WASTE PAPER: Someone Keeps Flushing €500 Bank Notes Down The Toilet.

In recent weeks, Swiss prosecutors have been gripped by a mystery, trying to figure out why someone tried to flush tens of thousands of euros down the toilet at a Geneva branch of UBS.

And not just once.

The first €500 bills were discovered several months ago in a bathroom close to a bank vault containing hundreds of safe deposit boxes, according to a report in Tribune de Geneve confirmed by the city prosecutor’s office. A few days later, Bloomberg adds that more banknotes turned up in toilets at three nearby restaurants, requiring thousands of francs in plumbing repairs to unclog the pipes.

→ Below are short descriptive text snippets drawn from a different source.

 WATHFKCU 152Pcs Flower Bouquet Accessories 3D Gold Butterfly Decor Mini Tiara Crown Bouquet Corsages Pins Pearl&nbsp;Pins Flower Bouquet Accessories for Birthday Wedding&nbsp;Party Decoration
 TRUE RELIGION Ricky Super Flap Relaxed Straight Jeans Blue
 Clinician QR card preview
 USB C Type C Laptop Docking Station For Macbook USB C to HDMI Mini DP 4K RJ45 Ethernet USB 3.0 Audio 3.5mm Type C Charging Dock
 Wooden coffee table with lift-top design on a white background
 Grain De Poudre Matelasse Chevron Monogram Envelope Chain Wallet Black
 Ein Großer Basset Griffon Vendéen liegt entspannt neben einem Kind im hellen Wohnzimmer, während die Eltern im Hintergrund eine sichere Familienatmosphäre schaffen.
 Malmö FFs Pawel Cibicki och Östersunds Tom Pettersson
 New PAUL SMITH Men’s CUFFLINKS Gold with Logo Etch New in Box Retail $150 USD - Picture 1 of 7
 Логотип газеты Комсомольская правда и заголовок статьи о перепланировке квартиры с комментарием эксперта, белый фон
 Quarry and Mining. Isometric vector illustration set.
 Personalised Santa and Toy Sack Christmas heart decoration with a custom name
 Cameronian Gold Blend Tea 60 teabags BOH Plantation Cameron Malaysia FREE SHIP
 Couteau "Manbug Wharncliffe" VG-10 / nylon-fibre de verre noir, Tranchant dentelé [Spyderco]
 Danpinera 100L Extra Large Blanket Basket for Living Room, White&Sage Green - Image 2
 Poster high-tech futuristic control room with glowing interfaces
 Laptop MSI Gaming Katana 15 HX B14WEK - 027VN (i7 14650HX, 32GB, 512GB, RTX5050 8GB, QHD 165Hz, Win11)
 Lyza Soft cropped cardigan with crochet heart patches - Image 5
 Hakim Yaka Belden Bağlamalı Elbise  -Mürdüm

Indeed, AP adds that at one pizzeria, police were informed after the clogged toilet had overflowed.

In all, police have extracted tens of thousands of euros in soiled bills, many of which appear to have been cut with scissors.

While destroying banknotes isn’t a crime in Switzerland, “there must be something behind this story,” said Henri Della Casa, a spokesman for the Geneva Prosecutor’s Office. “That’s why we started an investigation.” He declined to discuss the case further.

If the money had been stolen and been marked by police or had the serial numbers recorded, then there wouldn’t be any mystery for the police to solve — but apart from that, I can’t imagine any reason for flushing away perfectly good money.